The additional complicating factor of pregnancy expands the differential diagnosis, and requires additional investigation and monitoring, and complicates the performance of many interventions. Standard ACLS/EMST management of the initial presentation should be performed.   

Primary survey: [airway {and cervical spine}, breathing, circulation, disability and exposure] with high flow oxygen and standard monitoring. Standard resuscitation and initial Xrays should be performed with a lead apron covering the abdomen whenever possible.

Secondary survey: Abdominal examination is even less reliable than usual, and concern about foetal well-being and the possibility of abruption should be considered.  Uterine rupture is rare without previous uterine surgery.  Early consultation should occur with an obstetrician, and Cardio-Toco-Graphic monitoring should be implemented. Focused Abdominal Sonography in Trauma is still reliable, and abdominal CT scan is not contraindicated, and may help in the diagnosis of abruption.

Discussion

This question forms a part of the "manage this pregnant trauma patient" spectrum of fellowship questions.
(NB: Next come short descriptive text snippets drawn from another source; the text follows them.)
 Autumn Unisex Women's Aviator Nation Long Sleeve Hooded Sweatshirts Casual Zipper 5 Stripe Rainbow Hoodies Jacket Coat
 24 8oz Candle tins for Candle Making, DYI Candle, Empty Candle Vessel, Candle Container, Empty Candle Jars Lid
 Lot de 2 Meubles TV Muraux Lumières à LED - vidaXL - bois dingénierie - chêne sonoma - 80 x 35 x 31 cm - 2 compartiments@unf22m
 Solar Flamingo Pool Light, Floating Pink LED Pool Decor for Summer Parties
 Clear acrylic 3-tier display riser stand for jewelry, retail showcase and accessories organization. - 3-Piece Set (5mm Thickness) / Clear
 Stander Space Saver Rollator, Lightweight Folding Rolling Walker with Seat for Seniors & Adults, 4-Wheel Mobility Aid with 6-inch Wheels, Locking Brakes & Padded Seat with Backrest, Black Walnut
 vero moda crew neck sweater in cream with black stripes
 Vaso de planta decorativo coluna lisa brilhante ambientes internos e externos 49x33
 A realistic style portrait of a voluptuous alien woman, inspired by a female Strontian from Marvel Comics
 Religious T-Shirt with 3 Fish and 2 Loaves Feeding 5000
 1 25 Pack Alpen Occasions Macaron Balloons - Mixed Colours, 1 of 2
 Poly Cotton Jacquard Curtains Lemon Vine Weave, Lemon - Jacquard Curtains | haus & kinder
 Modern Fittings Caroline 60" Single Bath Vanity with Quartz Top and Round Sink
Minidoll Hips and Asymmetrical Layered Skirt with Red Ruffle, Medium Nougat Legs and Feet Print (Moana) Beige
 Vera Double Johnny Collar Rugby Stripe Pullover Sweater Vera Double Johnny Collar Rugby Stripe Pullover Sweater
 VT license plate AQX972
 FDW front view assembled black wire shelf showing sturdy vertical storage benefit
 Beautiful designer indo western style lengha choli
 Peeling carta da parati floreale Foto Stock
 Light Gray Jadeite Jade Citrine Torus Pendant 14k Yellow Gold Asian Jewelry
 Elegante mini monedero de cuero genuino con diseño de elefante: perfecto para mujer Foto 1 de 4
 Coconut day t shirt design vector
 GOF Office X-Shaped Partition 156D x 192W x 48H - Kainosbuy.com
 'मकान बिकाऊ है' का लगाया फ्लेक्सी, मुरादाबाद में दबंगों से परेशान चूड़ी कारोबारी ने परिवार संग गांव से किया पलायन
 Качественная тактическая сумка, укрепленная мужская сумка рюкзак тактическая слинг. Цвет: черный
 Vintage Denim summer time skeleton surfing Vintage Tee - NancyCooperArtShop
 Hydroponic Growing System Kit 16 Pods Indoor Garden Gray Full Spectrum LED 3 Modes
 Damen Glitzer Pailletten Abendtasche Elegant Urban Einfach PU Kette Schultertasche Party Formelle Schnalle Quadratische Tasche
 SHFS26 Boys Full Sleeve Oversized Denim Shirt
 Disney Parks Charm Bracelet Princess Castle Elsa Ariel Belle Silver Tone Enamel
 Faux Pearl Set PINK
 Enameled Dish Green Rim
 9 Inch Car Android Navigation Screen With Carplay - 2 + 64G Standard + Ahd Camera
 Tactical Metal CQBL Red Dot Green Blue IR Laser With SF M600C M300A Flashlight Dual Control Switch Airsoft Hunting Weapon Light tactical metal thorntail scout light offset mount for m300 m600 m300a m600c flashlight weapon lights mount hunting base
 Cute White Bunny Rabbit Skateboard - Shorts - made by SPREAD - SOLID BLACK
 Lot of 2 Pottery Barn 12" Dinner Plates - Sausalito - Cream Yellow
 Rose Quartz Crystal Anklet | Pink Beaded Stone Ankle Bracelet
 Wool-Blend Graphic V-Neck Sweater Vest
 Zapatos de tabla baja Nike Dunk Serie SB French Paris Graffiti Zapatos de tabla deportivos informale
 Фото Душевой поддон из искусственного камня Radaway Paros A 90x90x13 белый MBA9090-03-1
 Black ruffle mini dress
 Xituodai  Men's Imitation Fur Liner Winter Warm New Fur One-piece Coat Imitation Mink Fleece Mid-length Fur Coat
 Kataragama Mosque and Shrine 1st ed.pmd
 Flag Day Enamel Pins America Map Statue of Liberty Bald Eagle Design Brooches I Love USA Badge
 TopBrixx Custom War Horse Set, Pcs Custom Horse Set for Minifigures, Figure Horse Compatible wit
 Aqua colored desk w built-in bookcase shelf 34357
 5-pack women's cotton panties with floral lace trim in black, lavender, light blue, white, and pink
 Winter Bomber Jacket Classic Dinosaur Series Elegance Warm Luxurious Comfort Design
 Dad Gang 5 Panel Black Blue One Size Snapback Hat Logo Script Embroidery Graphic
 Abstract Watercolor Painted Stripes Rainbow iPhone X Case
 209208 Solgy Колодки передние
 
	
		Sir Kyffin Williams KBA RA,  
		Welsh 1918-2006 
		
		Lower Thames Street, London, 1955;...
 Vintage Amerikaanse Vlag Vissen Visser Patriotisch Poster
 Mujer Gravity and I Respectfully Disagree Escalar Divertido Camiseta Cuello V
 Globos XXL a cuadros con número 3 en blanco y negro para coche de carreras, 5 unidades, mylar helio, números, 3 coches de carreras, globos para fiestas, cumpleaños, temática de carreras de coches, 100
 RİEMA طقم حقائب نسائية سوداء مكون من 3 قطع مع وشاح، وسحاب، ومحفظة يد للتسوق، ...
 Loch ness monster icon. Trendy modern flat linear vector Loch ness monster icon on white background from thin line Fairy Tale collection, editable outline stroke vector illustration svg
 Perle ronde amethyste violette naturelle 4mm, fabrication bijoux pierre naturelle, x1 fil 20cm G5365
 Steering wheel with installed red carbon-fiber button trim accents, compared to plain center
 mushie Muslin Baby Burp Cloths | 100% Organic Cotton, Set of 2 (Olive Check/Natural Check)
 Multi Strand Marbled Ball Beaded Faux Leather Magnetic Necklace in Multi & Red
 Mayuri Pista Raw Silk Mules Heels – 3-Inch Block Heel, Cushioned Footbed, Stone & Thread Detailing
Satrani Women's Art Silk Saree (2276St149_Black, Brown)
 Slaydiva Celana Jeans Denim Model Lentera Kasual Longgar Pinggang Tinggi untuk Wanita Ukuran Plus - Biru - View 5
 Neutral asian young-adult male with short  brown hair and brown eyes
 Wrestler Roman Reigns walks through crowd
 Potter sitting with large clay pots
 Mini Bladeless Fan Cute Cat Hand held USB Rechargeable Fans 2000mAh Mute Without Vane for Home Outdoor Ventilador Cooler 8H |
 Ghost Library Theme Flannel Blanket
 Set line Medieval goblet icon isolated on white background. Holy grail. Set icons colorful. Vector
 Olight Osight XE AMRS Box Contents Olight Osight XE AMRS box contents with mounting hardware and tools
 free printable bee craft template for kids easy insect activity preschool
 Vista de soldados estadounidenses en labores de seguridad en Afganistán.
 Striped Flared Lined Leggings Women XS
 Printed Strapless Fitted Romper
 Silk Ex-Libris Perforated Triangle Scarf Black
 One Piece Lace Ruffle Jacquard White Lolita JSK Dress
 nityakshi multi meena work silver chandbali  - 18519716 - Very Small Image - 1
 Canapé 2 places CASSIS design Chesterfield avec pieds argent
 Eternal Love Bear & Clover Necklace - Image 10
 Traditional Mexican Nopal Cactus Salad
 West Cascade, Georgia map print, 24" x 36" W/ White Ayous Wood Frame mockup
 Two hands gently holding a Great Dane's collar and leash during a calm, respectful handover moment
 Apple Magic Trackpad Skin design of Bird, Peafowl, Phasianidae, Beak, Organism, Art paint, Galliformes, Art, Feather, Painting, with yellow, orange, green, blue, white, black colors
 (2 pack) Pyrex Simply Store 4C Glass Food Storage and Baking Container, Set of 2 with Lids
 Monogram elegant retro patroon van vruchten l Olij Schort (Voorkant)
For a general reference, one is directed to Question 3 from the first paper of 2007 (Outline the special considerations involved in the care of a pregnant patient involved in multi-trauma.). Question 6 from the first paper of 2000 also touches on the ways in which physiological changes in pregancy affect the scenario of trauma. Specific features of the cardiorespiratory changes in pregnancy can also be found on the page dedicated to this topic

In brief, one should recall the following issues:

  • The airway is more difficult to control.
  • There is an increased risk of aspiration
  • The respiratory function is impaired by decreased FRC;
    • One needs to insert thei chest drains higher, so as to avoid the pushed-up diaphragms
  • When setting up the ventilator, one needs to keep in mind that the PaCO2 is supposed to be 30mmHg in late pregnancy.
  • The total blood volume has expanded, the cardiac output is high, and thus signs of shock will develop late.
  • Vena cava compression means the patient needs to be positioned at a 30° tilt
  • Pelvic binders are inappropriate
  • Pelvic fractures may threaten the near-term foetus
  • Placental abruption may result in massive haemorrhage and needs to be excluded early in the primary survey
    • foetal heart rate monitoring is essential
  • Retroperitoneal haemorrhage from dilated pelvic veins can be difficult to assess without ultrasound (but FAST is still effective)
  • A vaginal examination needs to be performed, looking for amniotic fluid (a pH of 7.0-7.5 will confirm this - the normal vaginal pH is much lower than this)
  • Rhesus-negative mothers need to receive IV immunoglobulin at least within 48 hours of the trauma
  • Transfusion needs to be Rh compatible
  • Antibiotic choices are limited; tetracyclines and fluoroquinolones are to be avoided
  • The pregnant trauma patient is in an even more hypercoagulable state than the normal trauma patient, and thus requires special attention to DVT prophylaxis

References

References

Oh's Intensive Care manual: Chapter 64   (pp. 684) General  obstetric  emergencies by Winnie  TP  Wan  and  Tony  Gin

 

Soar, Jasmeet, et al. "European Resuscitation Council Guidelines for Resuscitation 2010 Section 8. Cardiac arrest in special circumstances: Electrolyte abnormalities, poisoning, drowning, accidental hypothermia, hyperthermia, asthma, anaphylaxis, cardiac surgery, trauma, pregnancy, electrocution." Resuscitation 81.10 (2010): 1400-1433.

 

Mattox, Kenneth L., and Laura Goetzl. "Trauma in pregnancy." Critical care medicine 33.10 (2005): S385-S389.

 

DROST, THOMAS F., et al. "Major trauma in pregnant women: maternal/fetal outcome." Journal of Trauma-Injury, Infection, and Critical Care 30.5 (1990): 574-578.